How is statutory redundancy pay calculated?
A redundancy payment is based on ‘a week’s pay’ and takes into account the employee’s age and the number of years of employment.
To calculate a redundancy payment, the employer must first determine the period, ending with the relevant date (ie the date on which the notice of redundancy expires or the date on which the termination of employment takes effect if no notice is given), during which the employee has been continuously employed. It must then work backwards from the end of that period to calculate the number of complete years of employment falling within that period.
Finally, the employer must allow the appropriate amount for each of those years of employment. At present, where an employee is made redundant after the age of 64, the redundancy payment due is reduced by one-twelfth for every complete month that the employee is over the age of 64.
Employees dismissed by reason of redundancy at or after age 65, or at or after a lower normal retirement age, have no entitlement to a statutory redundancy payment. Service before the age of 18 does not currently count towards a statutory redundancy payment.
What effect will the age discrimination legislation have on the calculation of statutory redundancy payments?
The Employment Equality (Age) Regulations 2006 amend the Employment Rights Act 1996 to remove the upper age limit for entitlement to a statutory redundancy payment. Years of service under the age of 18 will also count towards entitlement.
While the provisions for tapering the award between age 64 and 65 will be removed, a maximum of 20 years’ service will continue to count in calculating the award. Although the government had proposed to change the formula for calculating statutory redundancy payments by removing the age bands used, it recently announced that the current calculation method will be retained. In addition, the two-year continuous employment qualifying requirement is to remain.

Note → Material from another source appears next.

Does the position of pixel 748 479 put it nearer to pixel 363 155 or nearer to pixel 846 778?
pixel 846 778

If an employee has been given notice of redundancy and wants to leave before the end of the notice period to take up a new job, will this affect their right to a statutory redundancy payment?
The answer depends on whether or not the employer objects to the employee’s premature departure. If the employee gives written notice to terminate their employment on a date earlier than the original termination date given by the employer, they will not lose the right to a statutory redundancy payment if the employer does not object to the early departure.

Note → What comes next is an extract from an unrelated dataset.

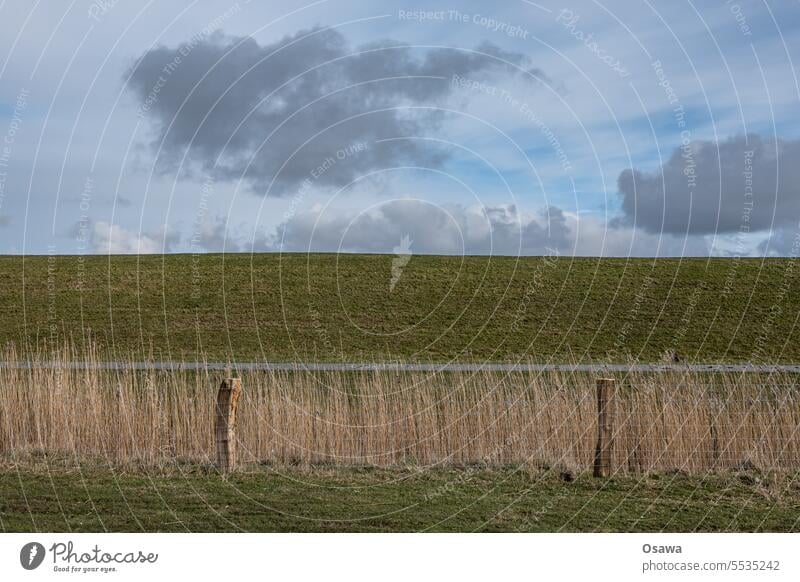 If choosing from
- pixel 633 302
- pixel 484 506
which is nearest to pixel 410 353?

If, however, the employer does object, it must serve written notice on the employee requiring them to withdraw the notice and continue in employment until the original termination date.
This written notice must state that, if the employee fails to do so, the employer will contest any liability to make a statutory redundancy payment (Employment Rights Act 1996, section 142(2)). If the employee does not comply with the requirements of the employer’s notice, under section 142(1) they are prima facie not then entitled to a statutory redundancy payment.

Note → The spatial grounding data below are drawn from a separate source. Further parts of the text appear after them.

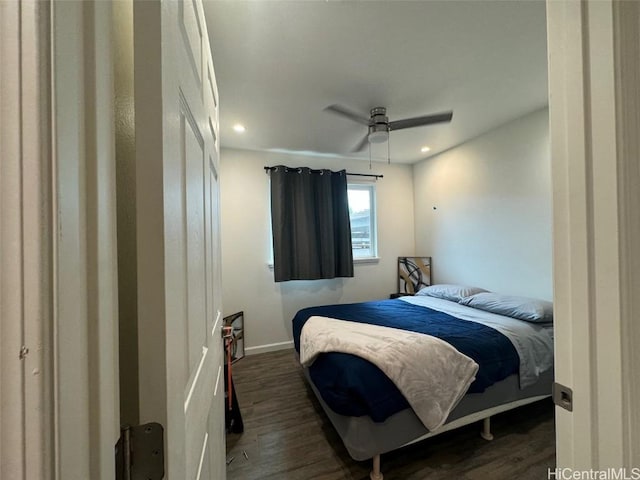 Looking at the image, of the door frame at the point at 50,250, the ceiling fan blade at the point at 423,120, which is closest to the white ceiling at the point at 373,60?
the ceiling fan blade at the point at 423,120

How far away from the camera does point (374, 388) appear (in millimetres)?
1438

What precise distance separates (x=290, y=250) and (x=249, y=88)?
189cm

However, in accordance with section 142(3), the employee is able to apply to an employment tribunal, which will decide whether it would be just and equitable for them to receive the full statutory redundancy payment, part of the payment or no payment at all, having regard to the reasons why they sought to leave employment early, and the reasons why the employer required them to continue in it.
It is likely that, if the employee had to leave on a particular date to take up a new job in circumstances where the new employer was not willing to postpone the start date, the tribunal would hold that it would be just and equitable in the circumstances for the employee to receive the redundancy payment.
Conversely, if the start date of the new job could have been postponed until after the original termination date specified by the employer, and the employer needed the employee to continue in employment until the original termination date to complete an assignment, the tribunal might well decide that the employee’s actions in leaving early were not reasonable in the circumstances, and therefore that it would not be just and equitable for them to receive a redundancy payment.
Ultimately, the issue is one for the tribunal to decide, according to the particular facts of the case.
If the employer and employee mutually agree to substitute an earlier date as the date of termination of employment for the date originally specified by the employer, this issue does not arise, and the employee will receive their statutory redundancy payment in full.
Can an employer require a fixed-term employee to sign a redundancy waiver?
With the repeal of the Employment Rights Act 1996, section 197 by the Fixed-term Employees (Prevention of Less Favourable Treatment) Regulations 2002 on 1 October 2002, the law on redundancy waivers changed.
A fixed-term employee working on a contract lasting or expected to last for two or more years is no longer able to waive their right to a statutory redundancy payment on termination of the contract. Any waiver signed before 1 October 2002 will still apply, although not where the contract has been renewed or extended after this date.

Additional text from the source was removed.